Development of specific therapies that target all cancer stem cells is necessary to achieve improved outcomes, especially for sufferers of metastatic disease. We hope our clinical trials proposed in this grant will indicate that anti-CD47 antibody is a safe and highly effective anti-ancer therapy that offers patients in California and throughout the world the possibility of increased survival and even complete cure.
We have previously developed a new therapeutic candidate, the anti-CD47 humanized antibody, Hu5F9-G4, which demonstrates potent anti-cancer activity in animal models of malignancy. The goal of CIRM DTIII Grant DR3-06965 is to conduct initial phase I clinical trials of this antibody in advanced cancer patients. We originally proposed to conduct two separate Phase I clinical trials: one in solid tumor patients with advanced malignancy (commenced in August 2014), the other in relapsed, refractory AML patients (anticipated to start in September 2015). The primary endpoints for these trials will be to assess safety and tolerability, and additional endpoints include obtaining information about the dosing regimen for subsequent clinical investigations, and initial efficacy assessments.
CD47 is a dominant anti-phagocytosis signal that is expressed on all types of human cancers assessed thus far. It binds to SIRPα, an inhibitory receptor on macrophages, and in so doing, blocks the ability of macrophages to engulf and eliminate cancer cells. Hu5F9-G4 blocks binding of CD47 to SIRPα, and restores the ability of macrophages to engulf or phagocytose cancer cells. In pre-clinical cancer models, treatment with Hu5F9-G4 shrunk tumors, eliminated metastases, and in some cases resulted in long-term protection from cancer recurrence. These results suggest that Hu5F9-G4 leads to elimination of cancer stem cells in addition to differentiated cancer cells.
We have developed Hu5F9-G4 for human clinical trials by demonstrating safety and tolerability in pre-clinical toxicology studies.
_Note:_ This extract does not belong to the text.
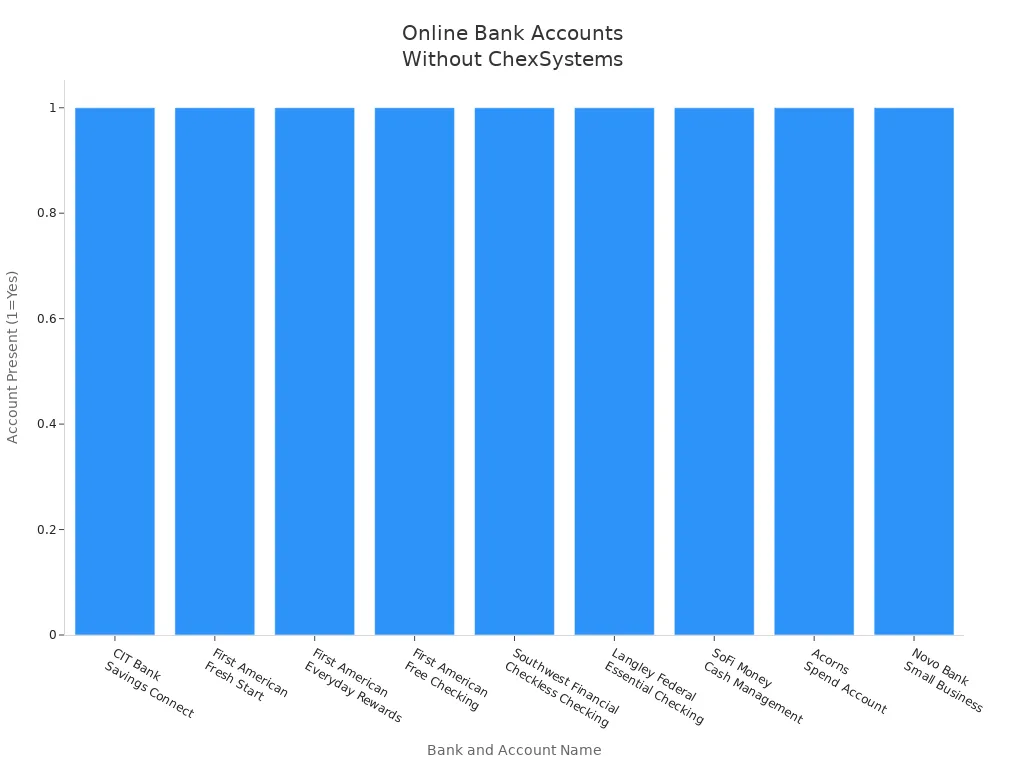 Bar chart showing nine online bank accounts that do not use ChexSystems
These studies also indicated that we can achieve serum levels associated with potent efficacy in pre-clinical models. The regulatory agencies (FDA in the U.S., and MHRA in the U.K.) reviewed the large package of pre-clinical data describing Hu5F9-G4, and approved our requests to commence separate Phase I clinical trials in solid tumor and AML patients. The solid tumor trial commenced at Stanford in August 2014 and has been designed to assess patients in separate groups, or cohorts, treated with increasing doses of Hu5F9-G4. The trial is ongoing as primary endpoints have not been met. The acute myeloid leukemia trial has been given regulatory approval in the U.K., and will start enrolling patients in September 2015. In summary, during the last year, the Hu5F9-G4 clinical trials have made substantial progress and all milestones have been met.